We have opened the following new ticket(s) in our internal issue tracking system and will deliver their fixes according to the terms mentioned in Free Support Policies.

Issue ID(s): OCRNET-682

You can obtain Paid Support Services if you need support on a priority basis, along with the direct access to our Paid Support management team.

asad.ali · August 14, 2023, 1:12pm

@frimbingpickering

We would like to share with you that the earlier logged ticket has been resolved and its fix-in version will be released during this week.

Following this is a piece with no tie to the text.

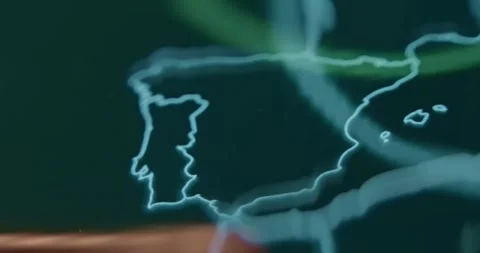 Spain hit by cyber attack displayed on real time cyber map Stock Footage 310804052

aspose.notifier · August 16, 2023, 11:13am

The issues you have found earlier (filed as OCRNET-682) have been fixed in this update. This message was posted using Bugs notification tool by anna.pylaieva

frimbingpickering · August 22, 2023, 8:36am

Hi!

Thanks for the effort and letting us know.
We will check out the new version and see if our issues are resolved.

Cheers!

frimbingpickering · August 22, 2023, 12:26pm

Hi again!

We ran some tests, here are the conclusions;

The image in the output PDF is no longer stretched
The canvas of the PDF page on which the image is displayed is still too large (see pdf.pdf (3.9 MB))
- How can we make the canvas match the image size? We want to produce a result like this: flower.pdf (17.0 KB)

Thanks in advance!

asad.ali · August 22, 2023, 8:16pm

@frimbingpickering

Would you please share some more details like sample code snippet that you used and source/output PDF document as well? We will further proceed to assist you accordingly.

frimbingpickering · September 6, 2023, 1:21pm

It should be reproducible with the same test program (ReproduceAsposeOcrIssue.zip) and file ( flower.JPG (332.6 KB))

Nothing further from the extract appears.